Wir wohnen in Springdale, sozusagen die Talstation des Nationalparks. Geschäfte, Restaurants und ein paar kleine Hotels – mehr gibt es dort nicht zu sehen. Ein eigener Shuttle befördert alle wanderwütigen Gäste ins Zion Valley. Die Schlange ist auch um sechs Uhr Morgens schon beträchtlich.
„Wanderer“ in Flip Flops begegnen uns ebenso wie solche, bei denen wir uns nicht ganz sicher sind, ob sie ihren Anschlussflug nach Nepal vielleicht verpasst haben. Wir freuen uns auf eine richtige Wanderung! Mit Rucksack und zu Fuß, so wie wir es von zu Hause gewohnt sind. Das Härteste ist für uns natürlich gerade mal gut genug und so steigen wir bei einer der hinteren Stationen des Tals aus: Angels Landing soll die herausforderndste Wanderung sein, die dieses Naturwunder hergibt. Gute zehn Kilometer lang, teilweise mit Klettersteig. Laut Broschüre und Warnschilder sind Menschen dort oben schon gestorben. Das glauben wir bei den Flip-Flops-tragenden Alpinisten hier gerne.

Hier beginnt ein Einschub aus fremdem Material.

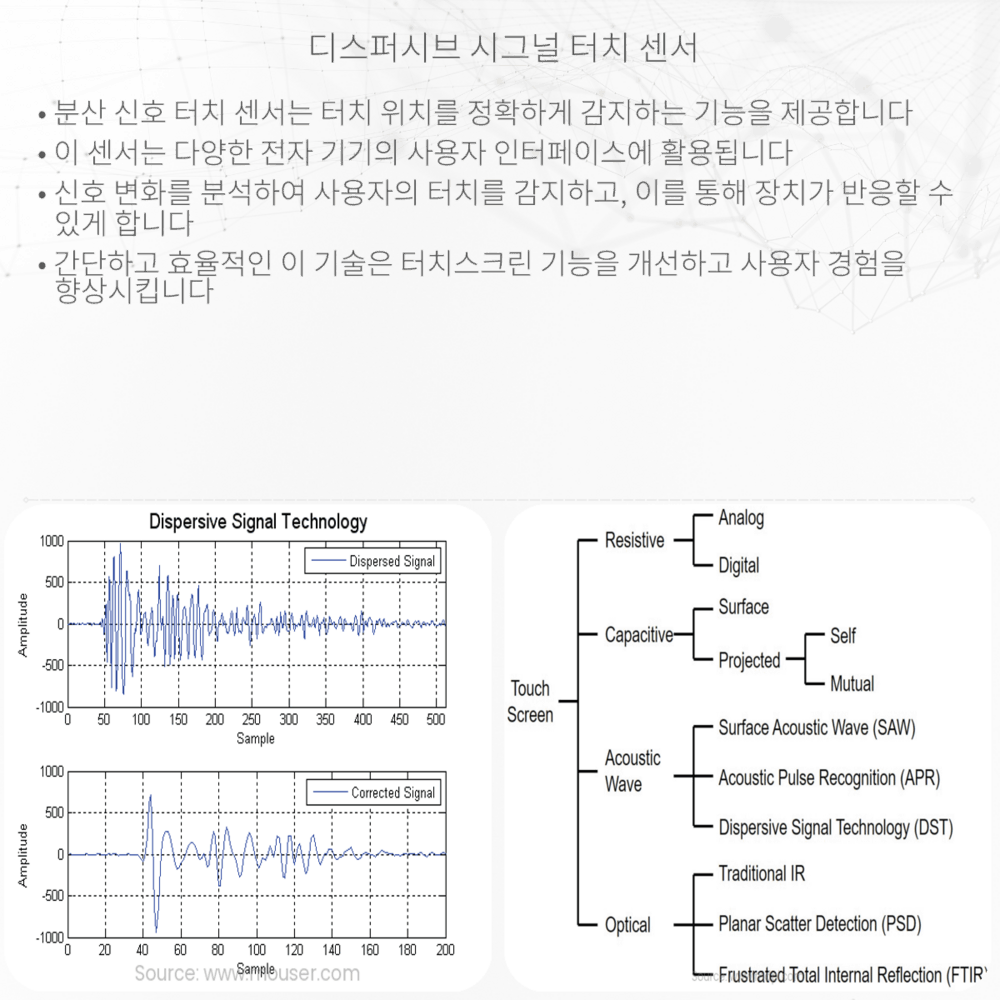 디스퍼시브 시그널 터치 센서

Über zahlreiche (asphaltierte) Serpentinen geht es relativ steil bergauf und in eine Klamm hinein. Erd- und Streifenhörnchen sorgen für Aufregung und Fotofreude bei den Touristen.
Man erreicht nach etwa 45 Minuten eine Lichtung, es geht 500 Meter in die Tiefe – wir befinden uns bereits auf einem der zahlreichen Felsen. Engel sind hier noch keine gelandet, dafür gibt es Toiletten – auf einem Wanderweg! Unser Tiroler Wanderherz grinst. Die Stimmung beginnt alsbald zu wechseln, als sich unser Blick richtung Gipfel richtet: Entlang eines Felskamms führt ein schmaler Grat hinauf auf den obersten Felsen. Eine Stahlkette zum Festhalten sorgt ein Wenig für Sicherheit auf diesem schmalen Grat und ist auch bitter nötig: Unzählige „Wanderer“ ziehen sich an ihr verzweifelt nach oben, wie Ameisen die einen Ast hektisch rauf- und runterlaufen. Uns begegnen Menschen, die offensichtlich noch nie in ihrem Leben auch nur einen Meter gewandert sind. Unbeholfen brauchen sie Minuten um sich zu entscheiden, wo sie ihren Fuß als nächstes hinsetzen oder an welcher Kante sie sich als nächstes festhalten wollen. Die Angst steht ihnen ins Gesicht geschrieben. Überall wo Platz ist, sitzen keuchende, schwitzende, völlig aus der Puste geratene Neo-Kletterer. „I can’t imagine coming down“ jammert eine Dame ihrem Begleiter vor. Eine andere, sichtlich bemüht auf einen der Felsen zu steigen, ruft ihrem hinter ihr gehenden Mann zu: „Push my ass, darling, push my ass. I can’t get up“. Der Begleiter drückt und schiebt mit vollem Krafteinsatz, als wolle er sie direkt auf den Gipfel katapultieren.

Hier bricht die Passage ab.